2.1 Participants
All participants including 115 HCC patients,103 patients with cirrhosis and 15 healthy individuals were enrolled from January 2018 to December 2019 in the Second Xiangya Hospital of Central South University and Hunan People’s hospital. All participants are provided with complete information on clinical characteristics. The eligibility criteria were as follows: 1) The participants are at least 18 years of age. 2)must be treatment naïve. 3) BCLC 0-A. Patients with intrahepatic cholangiocarcinoma including combine hepatocellular-cholangiocarcinoma or other malignancies were excluded. HCC and cirrhotic liver tissues were mainly obtained to initial surgical resection or biopsy. Blood sample tissues were obtained at the time of initial diagnosis. Healthy individuals samples were mainly blood samples defined as having no liver disease nor history of cancer at the time of enrollment. Baseline clinicopathologic data were collected at the time of initial diagnosis, including age, gender, personal history, HBV infection status and serum tumor markers. Laboratory analysis of CpG was done before therapy. Serum tumor markers are subject to clinical reference values. The cutoff value for the CpG locus was located at fifty percent. Values above 50 percent are defined as elevated, otherwise normal.
2.2 DNA extraction from tissues and plasma
DNA from tumor tissue, cirrhotic liver tissue were extracted using the QIAamp DNA FFPE Tissue Kit (Qiagen, Valencia, CA, USA). The absence of tumor cells in cirrhotic live tissue was confirmed by histopathological assessment. Circulating cell-free DNA (cfDNA) was recovered from 4 to 5 ml of plasma using the QIAamp Circulating Nucleic Acid kit (Qiagen, Valencia, CA, USA).DNA was quantified with the Qubit 2.0 fluorimeter (ThermoFisher Scientific, Waltham, MA, USA).
2.3 Targeted bisulfite sequencing
Fragmented tissue DNA (~200bp) and cfDNA were subjected to bisulfite conversion using EZ-96 DNA methylation-lightening MagPrep (Zymo research, CA, USA). Briefly, purified DNA was treated with sodium bisulfite. Subsequently, the converted single-strand DNA molecules were ligated to a splinted adapter, and amplified by an uracil-tolerating DNA polymerase to generate whole-genome BS-seq libraries. Custom-designed methylation profiling RNA baits were used for target enrichment. The target libraries were subsequently quantified by real-time PCR (Kapa Biosciences Wilmington, MA, USA) and sequenced on NovaSeq 6000 (Illumina, San Diego, CA, USA) with an average sequencing depth of 500X for tissue samples and 1,000X for plasma samples.
2.4 Methylation data processing
Raw sequencing data (.fastq) were first trimmed by Trimmomatic (v.0.36) and the aligned by BWA-meth to the C to T- and G to A-transformed hg19 reference genome. PCR duplicate reads were identified and removed by Picard tools (v.1.138). Paired reads were stitched together to represented to originating DNA fragments, and those with discordant pairing, or low mapping quality(MAPQ<60) were removed from further analyses.

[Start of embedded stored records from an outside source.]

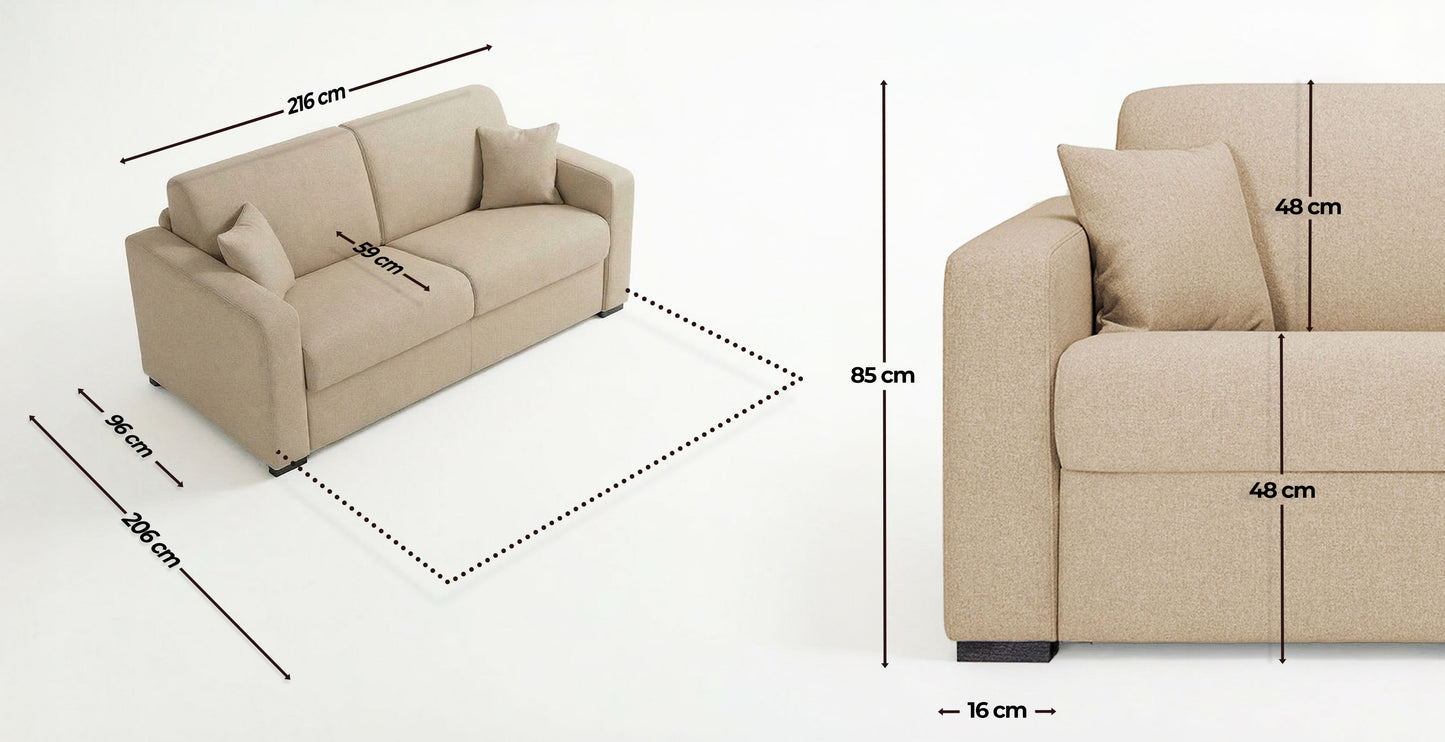 MODENA - Canapé convertible 4 places - Couchage 160 - Tweed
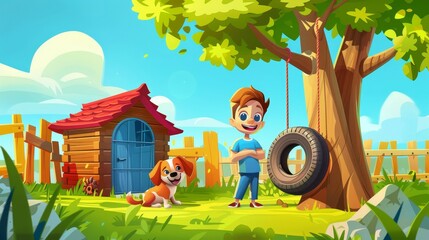 Dog kennel, fence, tree and tire swing in backyard with boys and dogs. Modern cartoon illustration of garden or house yard with doghouse and happy kids with their pets.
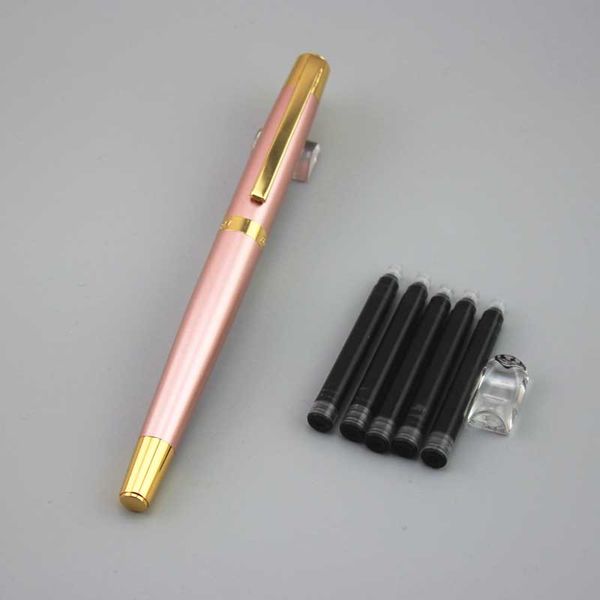 

dkw brand fountain pens metal stainless steel pen school office stationery writing materials business gift send 5 ink sac 025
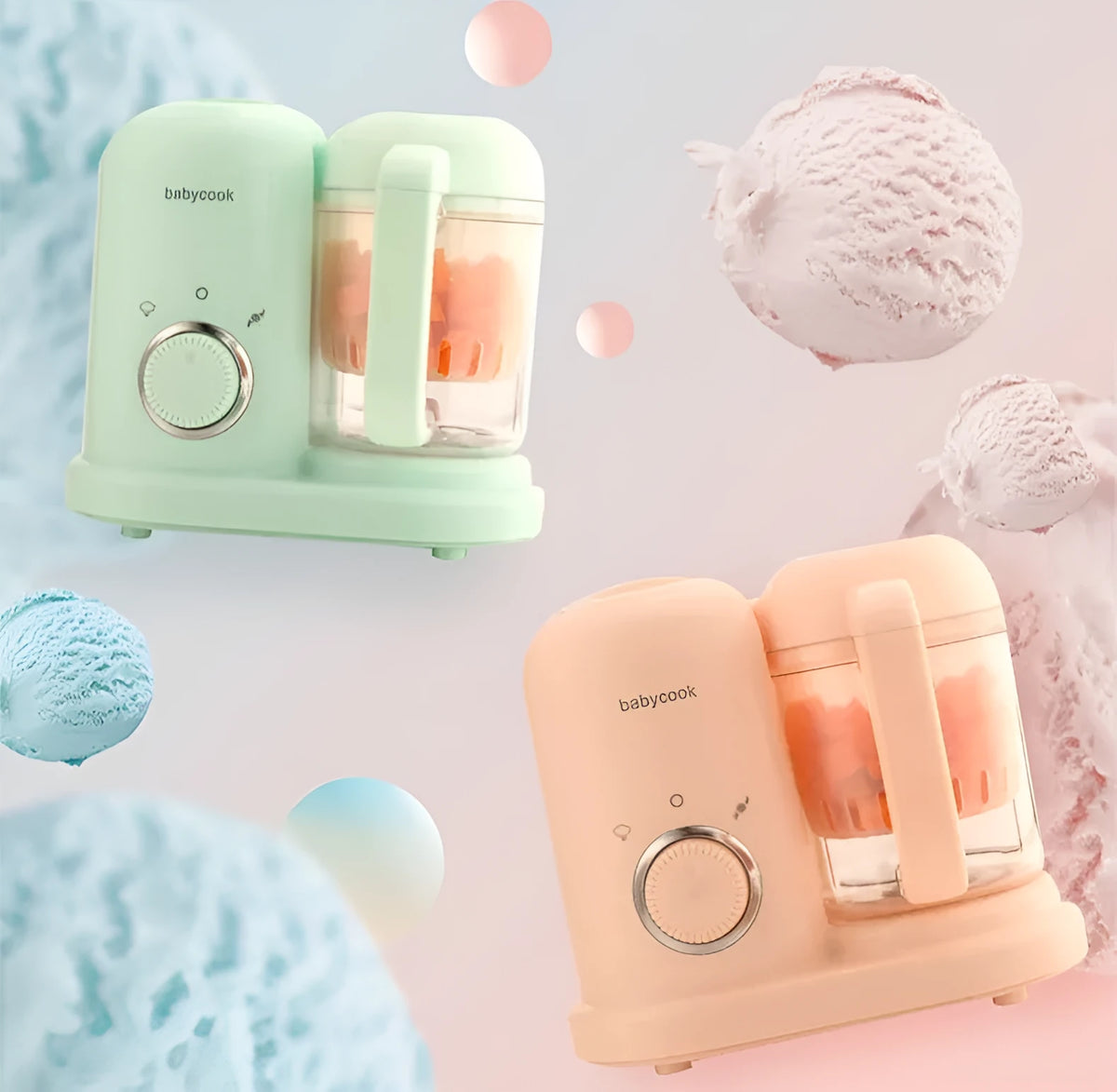 Green baby food processor with steamer and blender functions showing control panel and processing bowl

2.5Independence of the prediction model from clinical characteristics
To determine whether the predictive power of the prediction model could be independent of other clinical variables (including age, gender, personal history, HBV infection status, serum tumor markers and CpG methylation level) for patients with HCC, univariate and multivariate logistic regression analyses were conducted, with the other traditional clinical characteristics as independent variables and the pathological type as the dependent variable. All reported P values were two-sided. The hazard ratio (HR) and 95% confidence intervals were calculated.

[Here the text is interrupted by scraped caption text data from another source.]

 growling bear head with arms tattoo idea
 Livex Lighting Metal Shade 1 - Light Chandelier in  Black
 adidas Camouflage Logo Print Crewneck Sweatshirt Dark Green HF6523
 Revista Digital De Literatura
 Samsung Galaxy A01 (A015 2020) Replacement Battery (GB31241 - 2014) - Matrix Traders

2.6 Construction and validation a prediction nomogram
To construct a CpG-based model for HCC diagnosis, R software (R software 4.1.2, USA) is used for building diagnostic predictive models and validation. In this study, we can use nomograms to predict the diagnosis in high-risk populations. All participants were randomly divided into two groups, training cohort (n=133) and validation cohort (n=100).The combined model based on all independent predict factors selected by the multivariable logistic regression analysis was used to construct a nomogram to assess the probability of early screening in high-risk populations. Subsequently, validation, including discrimination and calibration, were performed. The calibration curve of the nomogram was evaluated graphically by plotting the nomogram prediction probabilities against the observed rates. Overlapping with the reference line demonstrated that the model was in perfect agreement. At the same time, use the ROC analysis and the decision curve analysis (DCA) to compared the predictive accuracy. The p value of less than 0.05 reflected a statistically significant difference.